(Extracted data entries)
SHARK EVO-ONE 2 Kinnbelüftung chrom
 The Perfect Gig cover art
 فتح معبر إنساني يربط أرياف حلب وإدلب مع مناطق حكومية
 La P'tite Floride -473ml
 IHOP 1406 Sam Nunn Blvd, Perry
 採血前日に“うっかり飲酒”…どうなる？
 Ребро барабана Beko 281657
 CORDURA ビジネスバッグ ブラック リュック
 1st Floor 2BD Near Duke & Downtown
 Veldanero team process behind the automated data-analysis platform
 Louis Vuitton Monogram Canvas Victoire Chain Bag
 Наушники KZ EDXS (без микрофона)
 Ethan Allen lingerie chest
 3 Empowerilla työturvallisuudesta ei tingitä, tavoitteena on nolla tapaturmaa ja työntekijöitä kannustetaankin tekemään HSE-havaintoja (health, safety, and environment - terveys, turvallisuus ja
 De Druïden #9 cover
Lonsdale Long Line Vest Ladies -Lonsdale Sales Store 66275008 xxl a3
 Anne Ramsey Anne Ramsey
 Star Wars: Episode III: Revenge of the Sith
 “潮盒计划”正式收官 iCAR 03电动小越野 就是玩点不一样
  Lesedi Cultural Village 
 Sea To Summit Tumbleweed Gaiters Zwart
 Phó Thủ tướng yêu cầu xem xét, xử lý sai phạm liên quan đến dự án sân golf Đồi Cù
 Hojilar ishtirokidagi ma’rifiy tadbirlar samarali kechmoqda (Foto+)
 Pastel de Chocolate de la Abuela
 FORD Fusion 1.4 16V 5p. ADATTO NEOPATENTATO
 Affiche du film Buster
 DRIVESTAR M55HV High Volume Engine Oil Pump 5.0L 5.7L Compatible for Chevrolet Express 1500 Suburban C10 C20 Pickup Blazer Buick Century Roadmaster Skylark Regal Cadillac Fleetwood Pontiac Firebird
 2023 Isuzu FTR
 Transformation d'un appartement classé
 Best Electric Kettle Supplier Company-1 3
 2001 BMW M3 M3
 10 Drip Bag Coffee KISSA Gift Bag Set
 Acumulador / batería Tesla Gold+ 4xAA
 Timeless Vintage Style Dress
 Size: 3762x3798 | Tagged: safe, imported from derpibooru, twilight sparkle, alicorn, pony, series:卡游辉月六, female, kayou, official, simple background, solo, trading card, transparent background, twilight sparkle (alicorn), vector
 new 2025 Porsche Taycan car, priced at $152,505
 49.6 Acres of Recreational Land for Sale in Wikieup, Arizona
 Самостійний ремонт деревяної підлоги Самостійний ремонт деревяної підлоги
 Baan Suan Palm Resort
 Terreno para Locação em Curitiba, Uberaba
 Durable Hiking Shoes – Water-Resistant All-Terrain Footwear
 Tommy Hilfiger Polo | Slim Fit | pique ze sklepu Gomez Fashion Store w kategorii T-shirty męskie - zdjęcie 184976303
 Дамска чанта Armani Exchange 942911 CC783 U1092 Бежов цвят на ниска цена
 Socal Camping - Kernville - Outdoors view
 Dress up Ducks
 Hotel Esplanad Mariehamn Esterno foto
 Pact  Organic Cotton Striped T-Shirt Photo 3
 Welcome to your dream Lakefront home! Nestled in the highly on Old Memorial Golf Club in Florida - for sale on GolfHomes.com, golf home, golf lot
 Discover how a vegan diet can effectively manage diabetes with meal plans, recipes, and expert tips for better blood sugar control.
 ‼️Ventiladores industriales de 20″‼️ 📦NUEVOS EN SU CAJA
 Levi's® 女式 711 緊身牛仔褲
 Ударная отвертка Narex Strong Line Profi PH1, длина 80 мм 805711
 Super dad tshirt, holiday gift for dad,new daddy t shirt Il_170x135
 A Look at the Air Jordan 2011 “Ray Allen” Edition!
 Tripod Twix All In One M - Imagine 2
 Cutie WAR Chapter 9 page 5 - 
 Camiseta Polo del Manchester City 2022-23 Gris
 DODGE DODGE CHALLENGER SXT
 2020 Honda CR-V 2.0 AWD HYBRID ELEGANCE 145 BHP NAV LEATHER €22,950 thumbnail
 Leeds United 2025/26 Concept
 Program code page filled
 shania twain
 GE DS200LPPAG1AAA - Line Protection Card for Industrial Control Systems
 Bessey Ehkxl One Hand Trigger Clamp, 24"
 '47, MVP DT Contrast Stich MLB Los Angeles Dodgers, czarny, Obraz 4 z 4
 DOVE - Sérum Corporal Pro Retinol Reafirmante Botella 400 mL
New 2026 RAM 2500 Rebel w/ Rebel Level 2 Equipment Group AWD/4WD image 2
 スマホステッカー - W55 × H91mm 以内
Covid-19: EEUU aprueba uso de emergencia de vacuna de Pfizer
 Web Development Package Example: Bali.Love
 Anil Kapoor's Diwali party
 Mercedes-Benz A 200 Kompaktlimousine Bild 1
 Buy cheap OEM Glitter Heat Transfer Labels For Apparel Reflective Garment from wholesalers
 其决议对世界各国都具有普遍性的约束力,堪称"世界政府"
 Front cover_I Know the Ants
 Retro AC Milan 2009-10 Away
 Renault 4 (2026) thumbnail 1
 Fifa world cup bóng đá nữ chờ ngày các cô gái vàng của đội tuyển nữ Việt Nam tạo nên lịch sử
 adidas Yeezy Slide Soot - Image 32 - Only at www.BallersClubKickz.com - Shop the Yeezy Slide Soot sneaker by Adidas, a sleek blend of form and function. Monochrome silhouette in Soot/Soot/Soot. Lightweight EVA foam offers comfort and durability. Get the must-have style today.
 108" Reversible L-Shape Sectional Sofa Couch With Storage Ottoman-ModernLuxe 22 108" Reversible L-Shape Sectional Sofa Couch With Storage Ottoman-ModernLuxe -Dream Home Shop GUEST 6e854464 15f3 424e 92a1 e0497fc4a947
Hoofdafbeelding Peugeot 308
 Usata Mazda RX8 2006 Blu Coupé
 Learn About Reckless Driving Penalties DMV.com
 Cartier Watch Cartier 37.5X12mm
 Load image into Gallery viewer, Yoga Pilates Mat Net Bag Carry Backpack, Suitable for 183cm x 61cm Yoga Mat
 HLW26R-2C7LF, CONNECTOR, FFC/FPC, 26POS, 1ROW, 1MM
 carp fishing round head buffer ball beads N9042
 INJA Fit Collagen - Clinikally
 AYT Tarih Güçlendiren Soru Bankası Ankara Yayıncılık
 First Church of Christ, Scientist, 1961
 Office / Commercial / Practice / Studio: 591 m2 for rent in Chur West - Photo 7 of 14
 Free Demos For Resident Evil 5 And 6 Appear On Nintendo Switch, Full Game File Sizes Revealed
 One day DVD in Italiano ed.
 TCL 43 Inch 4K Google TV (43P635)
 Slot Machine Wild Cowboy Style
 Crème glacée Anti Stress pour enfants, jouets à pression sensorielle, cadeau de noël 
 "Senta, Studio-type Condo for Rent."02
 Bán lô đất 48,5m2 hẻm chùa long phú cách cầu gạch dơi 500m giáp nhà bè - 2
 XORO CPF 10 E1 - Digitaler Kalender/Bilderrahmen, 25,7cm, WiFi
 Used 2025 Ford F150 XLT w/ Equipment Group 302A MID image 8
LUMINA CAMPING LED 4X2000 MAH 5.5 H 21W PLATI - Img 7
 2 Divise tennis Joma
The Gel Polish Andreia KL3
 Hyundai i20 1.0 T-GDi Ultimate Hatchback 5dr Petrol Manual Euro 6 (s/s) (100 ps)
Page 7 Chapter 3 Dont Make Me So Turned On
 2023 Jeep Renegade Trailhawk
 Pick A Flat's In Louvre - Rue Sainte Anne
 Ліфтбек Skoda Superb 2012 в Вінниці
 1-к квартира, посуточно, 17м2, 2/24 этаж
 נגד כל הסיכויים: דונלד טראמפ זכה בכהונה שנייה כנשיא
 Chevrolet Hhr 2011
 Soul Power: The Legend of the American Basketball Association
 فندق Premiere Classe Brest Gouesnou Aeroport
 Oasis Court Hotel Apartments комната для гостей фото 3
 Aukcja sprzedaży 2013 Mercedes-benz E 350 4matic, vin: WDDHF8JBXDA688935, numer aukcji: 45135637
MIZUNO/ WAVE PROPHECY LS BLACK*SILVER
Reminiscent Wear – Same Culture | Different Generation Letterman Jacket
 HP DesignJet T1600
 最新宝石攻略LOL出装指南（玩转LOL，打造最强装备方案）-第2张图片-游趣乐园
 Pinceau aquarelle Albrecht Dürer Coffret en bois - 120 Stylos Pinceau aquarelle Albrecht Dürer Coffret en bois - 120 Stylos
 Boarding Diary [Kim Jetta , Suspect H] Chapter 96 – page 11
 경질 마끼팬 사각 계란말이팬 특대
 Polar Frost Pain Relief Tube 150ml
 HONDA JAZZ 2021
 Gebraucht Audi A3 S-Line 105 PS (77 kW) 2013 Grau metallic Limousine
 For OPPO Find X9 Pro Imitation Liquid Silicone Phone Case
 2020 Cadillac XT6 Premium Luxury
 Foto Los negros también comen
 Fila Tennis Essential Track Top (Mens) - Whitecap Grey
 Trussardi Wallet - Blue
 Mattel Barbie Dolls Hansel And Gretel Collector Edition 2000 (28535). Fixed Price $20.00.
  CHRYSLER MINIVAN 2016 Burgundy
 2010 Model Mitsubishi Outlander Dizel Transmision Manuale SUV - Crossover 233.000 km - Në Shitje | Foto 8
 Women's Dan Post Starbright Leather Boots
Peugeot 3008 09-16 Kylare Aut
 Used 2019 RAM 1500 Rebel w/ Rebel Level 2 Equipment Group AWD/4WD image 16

What you should do:
When you reach the line with "The Gel Polish Andreia KL3" in the records above, start writing out lines exactly, and stop once the line with "Chevrolet Hhr 2011" has been written; include nothing else.

Expected answer:
The Gel Polish Andreia KL3
 Hyundai i20 1.0 T-GDi Ultimate Hatchback 5dr Petrol Manual Euro 6 (s/s) (100 ps)
Page 7 Chapter 3 Dont Make Me So Turned On
 2023 Jeep Renegade Trailhawk
 Pick A Flat's In Louvre - Rue Sainte Anne
 Ліфтбек Skoda Superb 2012 в Вінниці
 1-к квартира, посуточно, 17м2, 2/24 этаж
 נגד כל הסיכויים: דונלד טראמפ זכה בכהונה שנייה כנשיא
 Chevrolet Hhr 2011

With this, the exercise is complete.